I don’t have an inner critic.

I have at least ten of them.

Their voices are shrill, thundering, hissing quietly. They say things I’d never say to another human being. Frankly, they’re a bunch of verbally abusive jerks.

They tell me all kinds of things – things that mostly aren’t true, though they’re laced with enough truthiness that they often get to me. At their heart, my inner critics are fear embodied. Fear embedded within my mind, nervous system, muscle memory. Disdain internalized.

I’ve written before on how I work with my inner critics – how to work with imposter syndrome when it crops up, minimize its hold, move past the obstacles it has set in my path. I’ve taught others how to do the same.

What I haven’t written about before, but have been thinking about a lot, is where the inner critics come from.

They don’t come purely from within. Not everyone has inner critics – at least, not the obnoxious, and frequently paralyzing kind I’m talking about here.

Inner critics come from outer critics, seen and unseen.

They might come from your father. (He’s never satisfied. Oh man, Prince is on repeat in my head right now, but I’m gonna forge ahead here.) Your big sister. A shitty teacher. You might hear echoes of their voices in your mind when you’re working on stuff that matters, or just going about your day.

But they might also come from the environment you grew up in – and here, I mean the water you swam in, almost invisible to you:

  • The educational system that rewarded privileged kids and punished the ones who came to school hungry, tired, or distracted by the chaos at home.
  • An economic system that might not show you a whole lot of people like you rising to the top of the financial heap.
  • A culture that uplifts “normalcy,” whatever that might be, and tells you that any part of you that doesn’t fit the mainstream mold should be hidden, reshaped or disowned.
  • A society that has demonstrated again and again that you are not safe – that your body, your voice, the work of your hands can be used and stolen from you at any moment, for the pleasure, profit, and amusement of others.

These are the outer critics. They are as real as real can get.

The outer critics say: You are worthless. (Or at least, worth less.) Your idea would be more valuable if it were spoken by someone whiter, straighter, able-bodied, male. You could sell more books if you had a Ph.D. after your name, no matter that you can’t afford grad school. 

The outer critics are sometimes very, very quiet. They can afford to be, because they are everywhere. They don’t need to be loud because they are The Way It Is: indisputable, seemingly monolithic, nigh impossible to topple.

And sometimes they’re loud and proud: the trolls online who threaten you for daring to work in a male-dominated field.

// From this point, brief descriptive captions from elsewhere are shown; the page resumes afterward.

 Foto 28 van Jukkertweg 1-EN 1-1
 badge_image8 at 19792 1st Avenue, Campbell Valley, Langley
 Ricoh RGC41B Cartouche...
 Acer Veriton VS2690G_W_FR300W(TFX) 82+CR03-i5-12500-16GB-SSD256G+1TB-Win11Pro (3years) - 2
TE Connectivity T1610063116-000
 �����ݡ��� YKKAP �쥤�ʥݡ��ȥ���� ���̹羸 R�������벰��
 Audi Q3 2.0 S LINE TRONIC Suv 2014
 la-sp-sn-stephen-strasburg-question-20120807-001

The music professor who told me, with no trace of irony, that the reason her syllabus featured not a single woman composer was because there were no great women composers. Justice systems that repeatedly perpetrate violence against people and communities of colour without facing repercussions.

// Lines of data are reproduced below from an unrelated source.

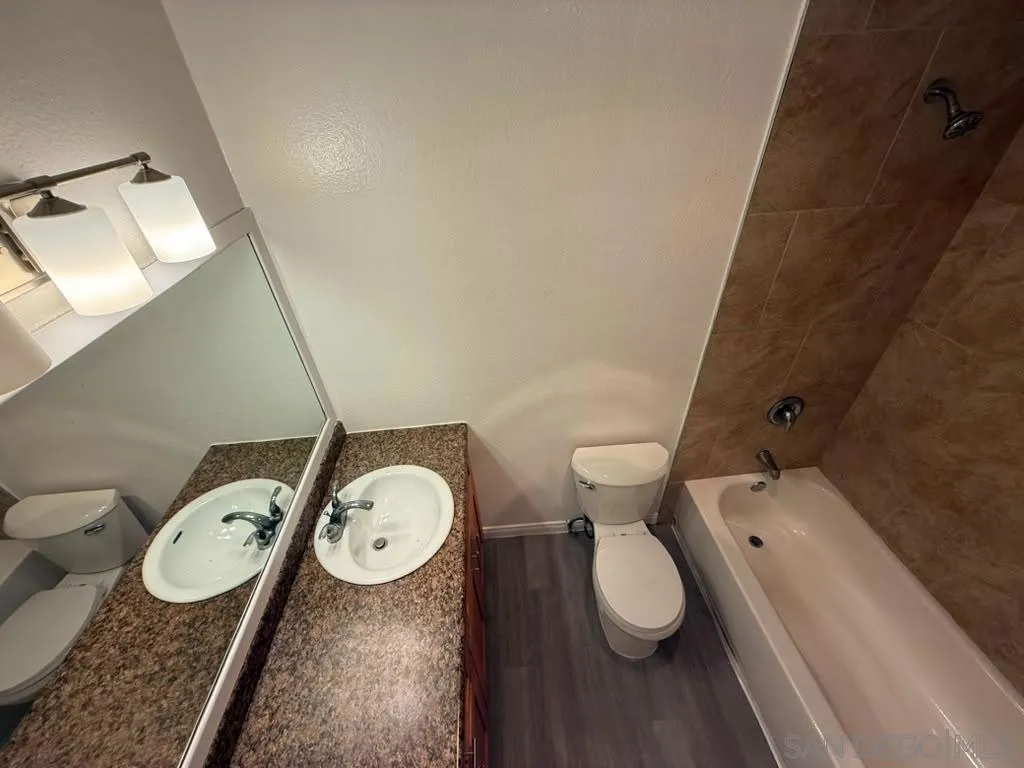 4310 54th 209, San Diego, California 92115 — photo 5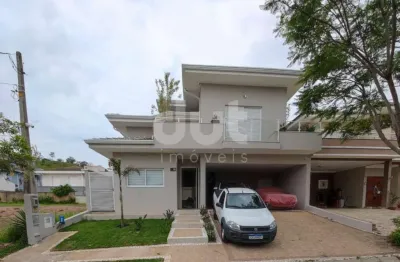 Casa em condomínio fechado com 3 quartos à venda na rua benedicto campos, 718, condomínio madre maria vilac, valinhos, 228 m2 por r$ 2.120.000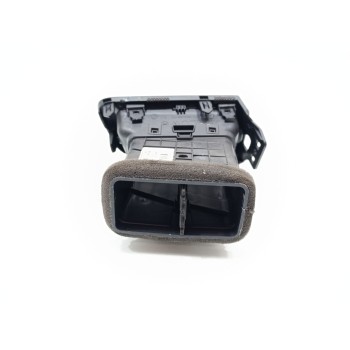 Recambio de rejilla aireadora para kia stonic (ybcuv) concept referencia OEM IAM 97480H8000WK  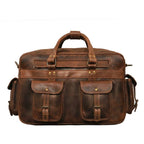 Pilot Business Briefcase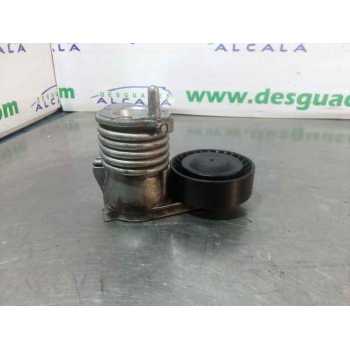 TENSOR CORREA AUXILIAR 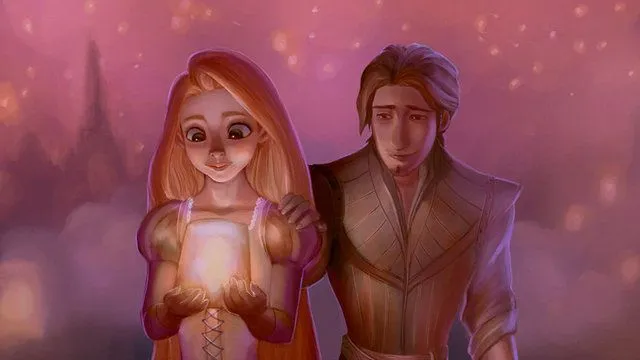 coisas de princesas | Tumblr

When you grow up in a world where the outer critics have power – and let’s be clear: the outer critics are the power. If they didn’t have power over us, we could brush them off, twirl on them haters, and move on – it is a completely rational response to internalize their criticism. Because the consequences of ignoring it are real.

As Cate Huston writes:

What we call imposter syndrome often reflects the reality of an environment that tells marginalized groups that we shouldn’t be confident, that our skills aren’t enough, that we won’t succeed—and when we do, our accomplishments won’t even be attributed to us. Yet imposter syndrome is treated as a personal problem to be overcome, a distortion in processing rather than a realistic reflection of the hostility, discrimination, and stereotyping that pervades tech culture.

(I would add that this is true everywhere, not just in tech culture.)

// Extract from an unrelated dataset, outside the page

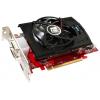 PowerColor Radeon HD 5770 875Mhz PCI-E 2.1 1024Mb 4900Mhz 128 bit 2xDVI HDMI HDCP V2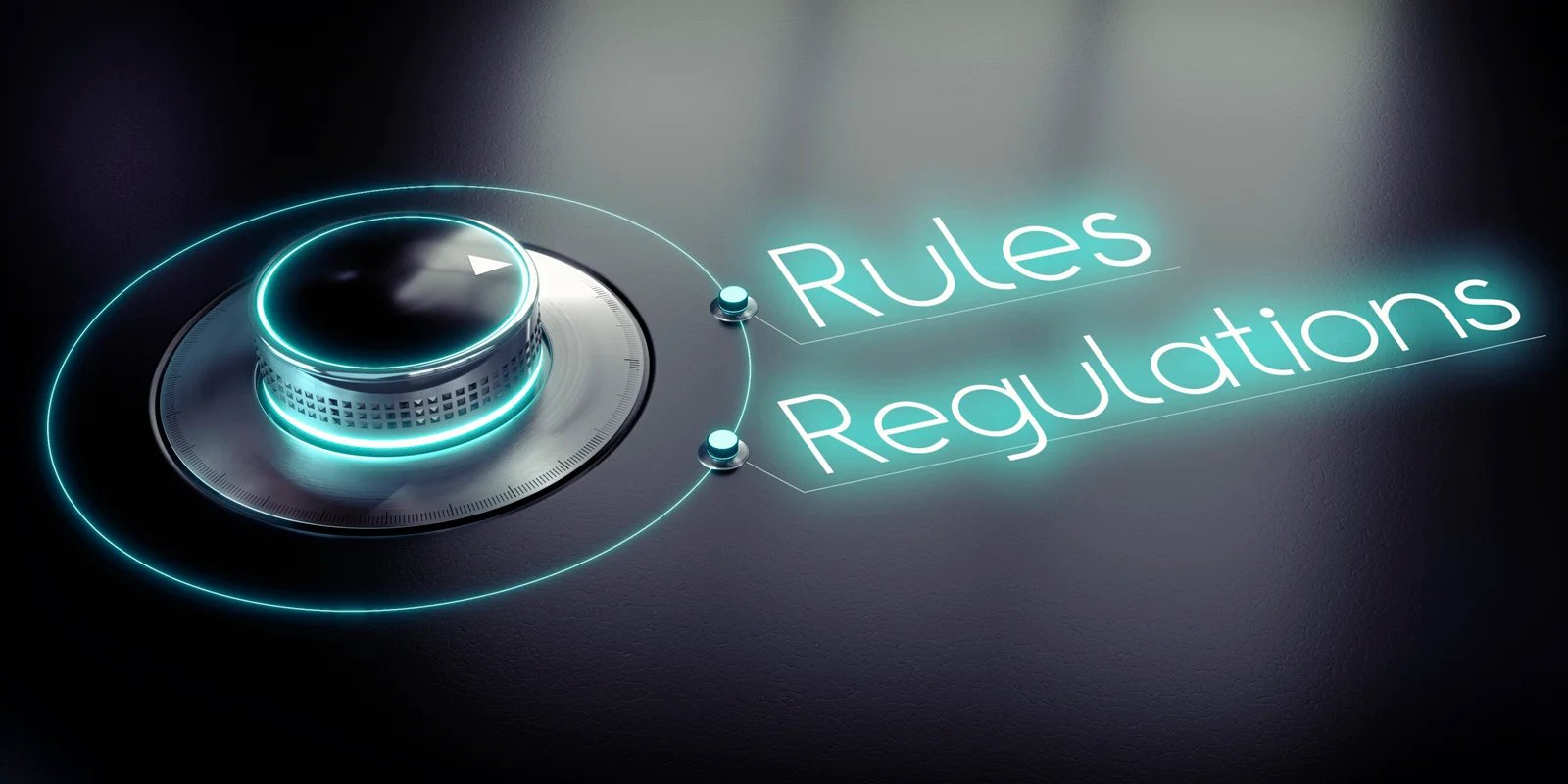 NEW Cybersecurity Laws and Regulations in 2025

So we internalize the outer critics, turn them into inner ones, thereby doubling down on the forces standing between us and our chosen paths.


I’ve been reading some excellent writing on what imposter syndrome is, and is not. Alexis Hancock argues that we dedicate way more time and energy to talking about imposter syndrome than we do to addressing the structural inequities that are at the root of it, and to that I say Amen. And it’s no surprise that we lean that way. The powers that be will always be happier paying for imposter syndrome workshops for all their marginalized employees than facing up to their own privilege and biases. And at least here in North America, where individualism is the altar at which we worship, most of us would rather take on a self-help project than join a social movement. We’d rather tackle the problem we think we can fix within ourselves, than the one that’s systemic.

It’s simpler (or so we believe). It’s smaller. And in the case of the corporate workshop, it’s something we can buy once, and then feel good about ourselves. We’ve done that work, we can say. We feel more empowered.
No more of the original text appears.